Standard libraries, when used in the usual way,

should refer to the robots.txt file

and behave accordingly.

 

Even if web scraping is allowed,

it's considered good etiquette to include a time.sleep function

to avoid overloading the website.

 

For reference, Wikipedia provides downloadable

data for all its content, so

it's better not to scrape the website.

 

The following code sets multiple target URLs

in the target_sites list,

 

then retrieves the content, converts HTML to text

using BeautifulSoup,

converts it to utf-8, and prints it.

 

The content retrieval is executed at one-second intervals

using time.sleep(1).

 

from bs4 import BeautifulSoup
from urllib.request import Request, urlopen
from urllib.error import URLError, HTTPError
import chardet
import time

target_sites = ['https://www.yahoo.co.jp/','https://news.yahoo.co.jp/']

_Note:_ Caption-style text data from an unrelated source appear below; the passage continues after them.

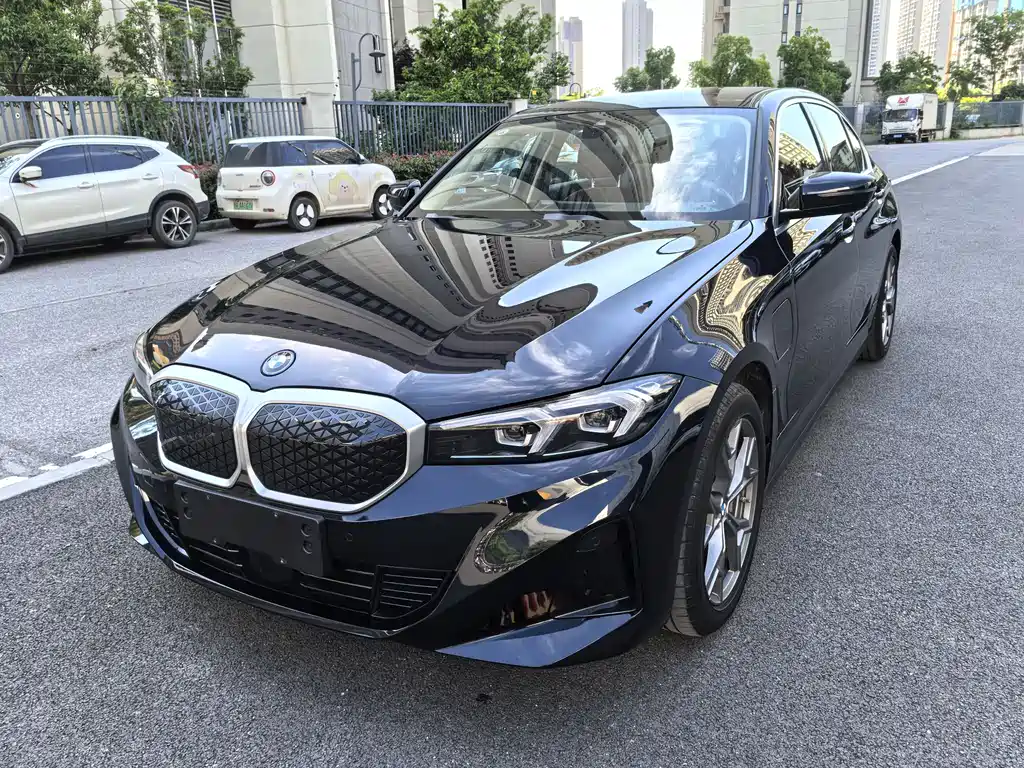 BMW i3 2025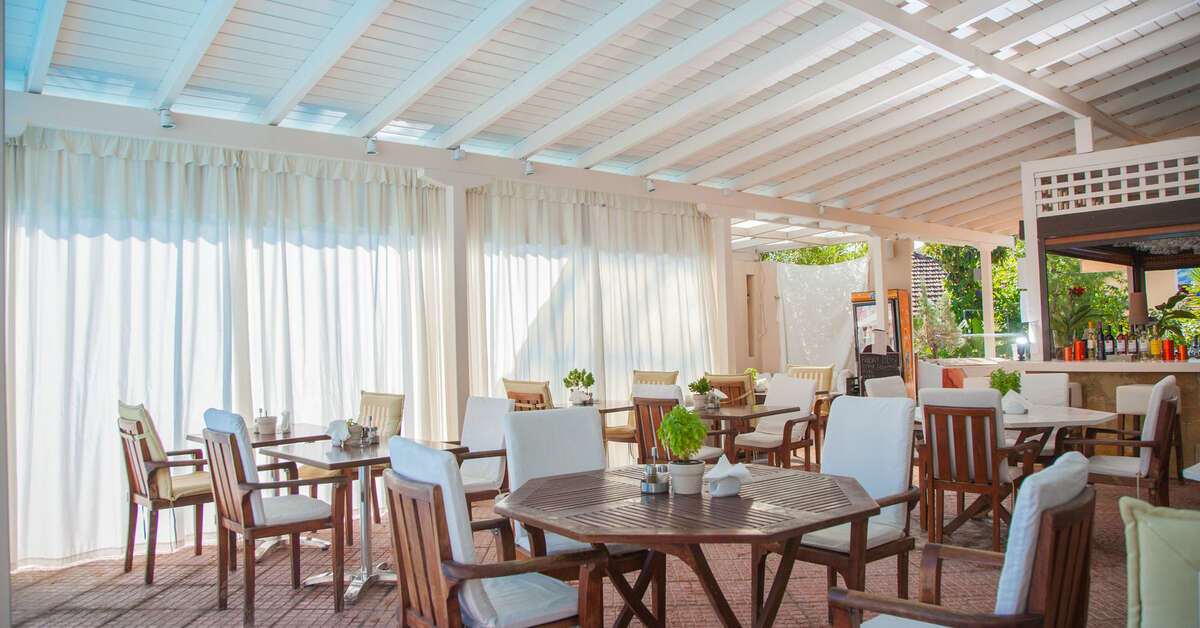 Een foto van het terras bij Hotel George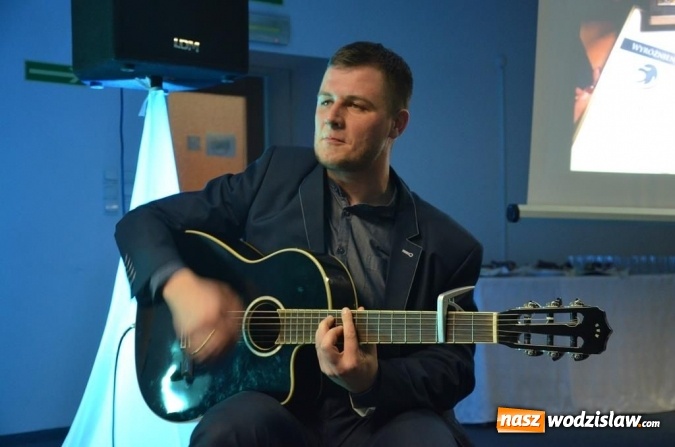 Zdjęcie w galerii na portalu naszwodzislaw.com: Wiosenny wieczór z poezją wiadomości z regionu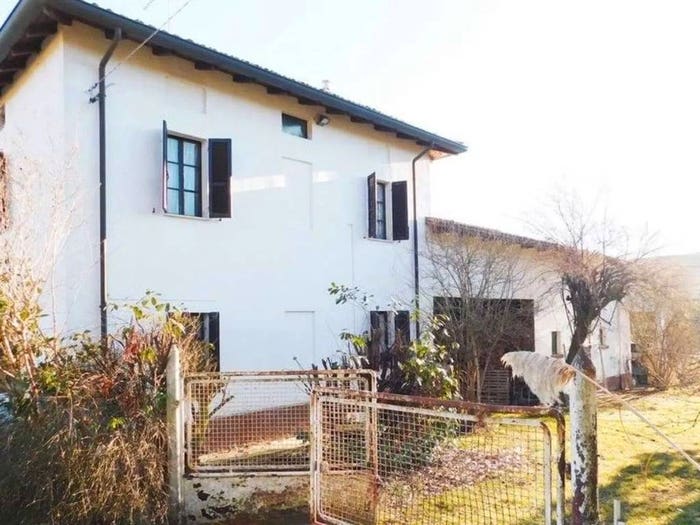 Casa con 6 locali in vendita in Strada Bacedasco No Number, Strada Per Bacedasco, Castell'Arquato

def get_html_content(url):
  html_content = ''
  try:
    print('fetching url', url)
    q = Request(url)
    html = urlopen(q, timeout=15)

    temp = html.read()
    detect_enc = chardet.detect(temp)['encoding']
    if detect_enc is None:
      detect_enc = 'utf-8'
    html_content = temp.decode(detect_enc, errors='ignore')

  except Exception as e:
    print('fetching url failed', url, repr(e))

  return html_content

for site in target_sites:
  html_content = get_html_content(site)
  if not html_content:
    break
  else:
    soup = BeautifulSoup(html_content, 'html.parser')
    print(soup.get_text())
  time.sleep(1)